Dataset items:
• • • •

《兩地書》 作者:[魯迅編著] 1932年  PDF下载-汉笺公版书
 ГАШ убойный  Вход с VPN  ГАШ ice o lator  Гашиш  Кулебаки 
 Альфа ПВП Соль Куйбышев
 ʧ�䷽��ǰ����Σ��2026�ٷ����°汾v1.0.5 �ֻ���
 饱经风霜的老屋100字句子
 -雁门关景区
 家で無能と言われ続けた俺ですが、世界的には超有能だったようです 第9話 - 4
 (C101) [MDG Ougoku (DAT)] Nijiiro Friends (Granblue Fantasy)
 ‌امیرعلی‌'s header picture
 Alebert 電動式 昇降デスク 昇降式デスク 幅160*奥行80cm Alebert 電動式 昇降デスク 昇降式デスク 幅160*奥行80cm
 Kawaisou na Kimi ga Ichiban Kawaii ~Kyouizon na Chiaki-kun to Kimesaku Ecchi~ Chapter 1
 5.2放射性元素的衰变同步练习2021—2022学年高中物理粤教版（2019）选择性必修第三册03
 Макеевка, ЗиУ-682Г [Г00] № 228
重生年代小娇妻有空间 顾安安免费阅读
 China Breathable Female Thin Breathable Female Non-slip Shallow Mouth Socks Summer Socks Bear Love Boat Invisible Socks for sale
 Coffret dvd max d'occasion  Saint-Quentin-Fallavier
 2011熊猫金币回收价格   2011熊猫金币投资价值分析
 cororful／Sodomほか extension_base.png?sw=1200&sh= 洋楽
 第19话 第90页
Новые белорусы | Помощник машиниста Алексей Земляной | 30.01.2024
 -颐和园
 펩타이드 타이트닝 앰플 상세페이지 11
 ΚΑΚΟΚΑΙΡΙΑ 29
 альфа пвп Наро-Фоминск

• • • •

**Goal of the exercise**.
Your response should hold only an exact copy of the lines above, from the one containing "China Breathable Female" through the end of the entries.

**Written response**.
 China Breathable Female Thin Breathable Female Non-slip Shallow Mouth Socks Summer Socks Bear Love Boat Invisible Socks for sale
 Coffret dvd max d'occasion  Saint-Quentin-Fallavier
 2011熊猫金币回收价格   2011熊猫金币投资价值分析
 cororful／Sodomほか extension_base.png?sw=1200&sh= 洋楽
 第19话 第90页
Новые белорусы | Помощник машиниста Алексей Земляной | 30.01.2024
 -颐和园
 펩타이드 타이트닝 앰플 상세페이지 11
 ΚΑΚΟΚΑΙΡΙΑ 29
 альфа пвп Наро-Фоминск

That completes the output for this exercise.